These thinkers saw that some branches of the Government still kept up its preparations. Throughout the length of the land foundries were going up, and every improvement that science or experience could suggest was making in the construction of arms and ammunition; water-power, everywhere off the line of attack, was utilized for powder-mills and rope-walks; every cloth factory in the country was subsidized; and machinery of great variety and power was being imported on Government account. Over Richmond constantly hung a dense cloud of coal smoke; and the incessant buzz of machinery from factories, foundries and lathes, told of increased rather than abated effort in that branch of the Government. Then, too, the most perfect confidence was felt in the great strategic ability of General Johnston—who had already found that high level in the opinion of his countrymen, from which neither the frowns of government, the combination of cliques, nor the tongues of slanderers could afterward remove him.

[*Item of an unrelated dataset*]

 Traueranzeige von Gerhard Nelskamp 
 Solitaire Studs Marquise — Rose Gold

They believed, too, in the pluck and dash of Beauregard; and, combining this with the outside activity, evident in every direction, felt there must be good and sufficient reason for the—to them—inexplicable quiet about the Potomac.
But perhaps the very worst feature was the effect of the victory upon the tone of the people at large. The very tongues that had wagged most impatiently at the first delay—that had set in motion the wild stories by which to account for it—had been the first to become blatant that the North was conquered. The minutest details of the fight were carried over the land, repeated at country courts and amplified at bar-room assemblages, until the common slang was everywhere heard that one Southron was equal to a dozen Yanks. Instead of using the time, so strangely given by the Government, in making earnest and steady strides toward increasing the army, improving its morale and adding to its supplies, the masses of the country were upon a rampage of boastfulness, and the notes of an inflated triumph rang from the Potomac to the Gulf.

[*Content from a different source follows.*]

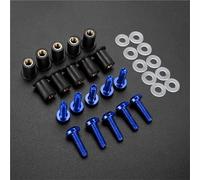 Alloy Bolts Wellnut Motorcycle Windshield Bolts Kit For For Tenere XT1200Z XTZ 750 Windscreen Fastener Fairing Screw Nuts Motobike mounting screws(Blue)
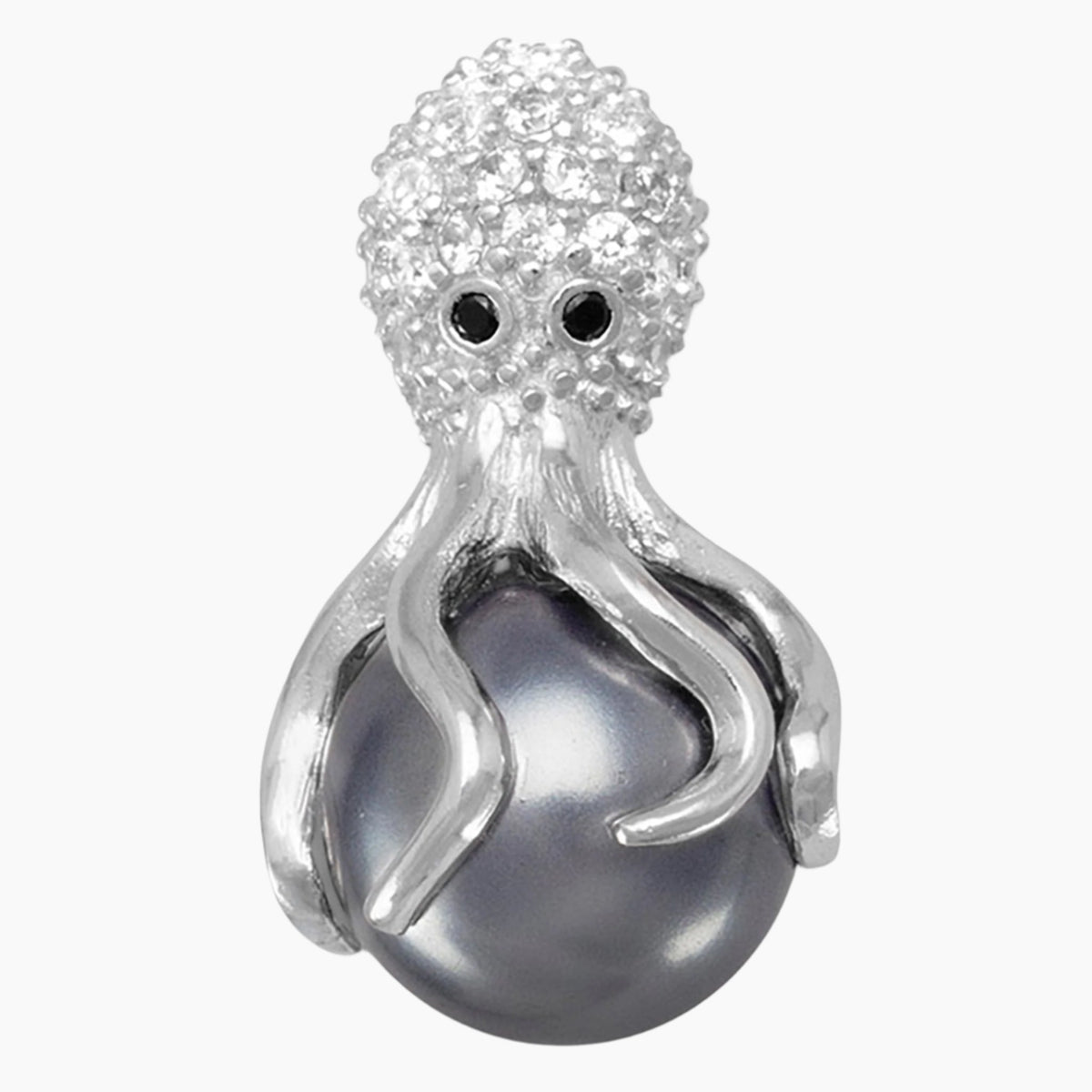 Pearl with Zirconia Octopus Slide Pendant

In this regard the effect of the victory was most injurious; and had it not been for the crushing results—from a strategic point of view—that would have followed it, partial defeat might have proved a blessing in its place.

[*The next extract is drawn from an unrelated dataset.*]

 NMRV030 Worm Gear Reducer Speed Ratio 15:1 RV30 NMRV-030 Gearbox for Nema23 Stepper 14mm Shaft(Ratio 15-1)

The one, while it threw a gloom over the country, would have nerved the people to renewed exertion and made them look steadily and unwaveringly at the true dangers that threatened them. The other gave them time to fold their hands and indulge in a complacency, ridiculous as it was enervating.
They ceased to realize the vast resources of the Union in men, money and supplies; and more than all, they underrated the dogged perseverance of Yankee character. It was as though a young boxer, in a deadly conflict with a giant, had dealt a staggering blow; and while the Titan braced his every muscle for a deadlier gripe, the weaker antagonist wasted his time lauding his strength and feeling his biceps.
Meantime, the keen, hard sense of the Washington Government wasted no time in utilizing the reaction on its people. The press and the public clamored for a victim, and General Scott was thrown into its maw unhesitatingly. The old hero was replaced by the new, and General McClellan—whose untried and inexperienced talent could hardly have augured his becoming, as he did, the best general of the northern army—was elevated to his place to please the "dear public."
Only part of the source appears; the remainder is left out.